🤖 AI Summary
Existing reasoning benchmarks suffer from data contamination, making it difficult to disentangle LLMs’ genuine reasoning capabilities from mere memorization.
Method: We propose KUMO, the first generative evaluation framework that integrates LLM-based task generation with a symbolic reasoning engine to dynamically construct multi-step, partially observable reasoning tasks across 100 open domains; tasks are difficulty-controllable and inherently immune to training data contamination.

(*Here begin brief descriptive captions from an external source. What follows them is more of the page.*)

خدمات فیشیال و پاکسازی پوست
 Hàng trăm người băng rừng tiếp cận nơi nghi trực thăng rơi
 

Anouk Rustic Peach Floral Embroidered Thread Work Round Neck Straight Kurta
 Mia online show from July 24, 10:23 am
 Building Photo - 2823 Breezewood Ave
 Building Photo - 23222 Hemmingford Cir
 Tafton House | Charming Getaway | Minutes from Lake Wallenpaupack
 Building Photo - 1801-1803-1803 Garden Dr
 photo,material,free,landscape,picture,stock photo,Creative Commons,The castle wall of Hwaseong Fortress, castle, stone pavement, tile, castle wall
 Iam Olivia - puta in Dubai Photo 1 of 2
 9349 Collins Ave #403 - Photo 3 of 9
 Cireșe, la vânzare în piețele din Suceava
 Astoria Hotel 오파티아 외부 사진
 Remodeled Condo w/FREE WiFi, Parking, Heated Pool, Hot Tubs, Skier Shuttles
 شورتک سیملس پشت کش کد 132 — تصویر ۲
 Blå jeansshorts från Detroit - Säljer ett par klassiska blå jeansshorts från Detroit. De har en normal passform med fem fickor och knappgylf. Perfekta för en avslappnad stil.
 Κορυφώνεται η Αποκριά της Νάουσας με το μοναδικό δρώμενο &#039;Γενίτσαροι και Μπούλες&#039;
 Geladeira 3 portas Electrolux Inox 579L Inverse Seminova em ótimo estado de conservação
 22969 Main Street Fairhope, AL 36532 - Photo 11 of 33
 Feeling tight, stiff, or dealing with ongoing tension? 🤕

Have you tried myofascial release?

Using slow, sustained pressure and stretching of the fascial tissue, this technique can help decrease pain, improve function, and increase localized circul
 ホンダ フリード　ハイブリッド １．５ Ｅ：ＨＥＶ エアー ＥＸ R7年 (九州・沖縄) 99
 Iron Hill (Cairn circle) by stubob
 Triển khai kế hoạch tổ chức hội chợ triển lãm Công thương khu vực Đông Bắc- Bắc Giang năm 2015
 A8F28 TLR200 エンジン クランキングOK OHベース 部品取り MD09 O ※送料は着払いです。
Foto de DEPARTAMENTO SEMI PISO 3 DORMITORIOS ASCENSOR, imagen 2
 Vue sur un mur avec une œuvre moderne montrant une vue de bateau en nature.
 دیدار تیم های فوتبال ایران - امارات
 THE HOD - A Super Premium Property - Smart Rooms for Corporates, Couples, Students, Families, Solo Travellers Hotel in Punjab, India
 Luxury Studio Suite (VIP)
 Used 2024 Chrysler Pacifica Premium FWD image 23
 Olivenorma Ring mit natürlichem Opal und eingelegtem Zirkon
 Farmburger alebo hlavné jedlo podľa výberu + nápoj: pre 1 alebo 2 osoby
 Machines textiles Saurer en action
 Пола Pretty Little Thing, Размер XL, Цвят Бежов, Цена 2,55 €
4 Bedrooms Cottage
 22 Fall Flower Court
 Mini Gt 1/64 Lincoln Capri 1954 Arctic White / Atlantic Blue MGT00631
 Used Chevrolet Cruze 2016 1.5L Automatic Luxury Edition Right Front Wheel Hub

Contribution/Results: KUMO enables the first cross-scale quantitative alignment of LLM reasoning performance with human undergraduate-level reasoning ability. Evaluated on 5,000 novel tasks across 23 state-of-the-art models, we find that reasoning-enhanced models achieve average undergraduate performance on complex tasks. Moreover, KUMO scores exhibit strong correlation (r > 0.89) with real-world reasoning benchmarks, establishing a new standard for trustworthy reasoning evaluation.
📝 Abstract
With powerful large language models (LLMs) demonstrating superhuman reasoning capabilities, a critical question arises: Do LLMs genuinely reason, or do they merely recall answers from their extensive, web-scraped training datasets? Publicly released benchmarks inevitably become contaminated once incorporated into subsequent LLM training sets, undermining their reliability as faithful assessments. To address this, we introduce KUMO, a generative evaluation framework designed specifically for assessing reasoning in LLMs. KUMO synergistically combines LLMs with symbolic engines to dynamically produce diverse, multi-turn reasoning tasks that are partially observable and adjustable in difficulty. Through an automated pipeline, KUMO continuously generates novel tasks across open-ended domains, compelling models to demonstrate genuine generalization rather than memorization. We evaluated 23 state-of-the-art LLMs on 5,000 tasks across 100 domains created by KUMO, benchmarking their reasoning abilities against university students. Our findings reveal that many LLMs have outperformed university-level performance on easy reasoning tasks, and reasoning-scaled LLMs reach university-level performance on complex reasoning challenges. Moreover, LLM performance on KUMO tasks correlates strongly with results on newly released real-world reasoning benchmarks, underscoring KUMO's value as a robust, enduring assessment tool for genuine LLM reasoning capabilities.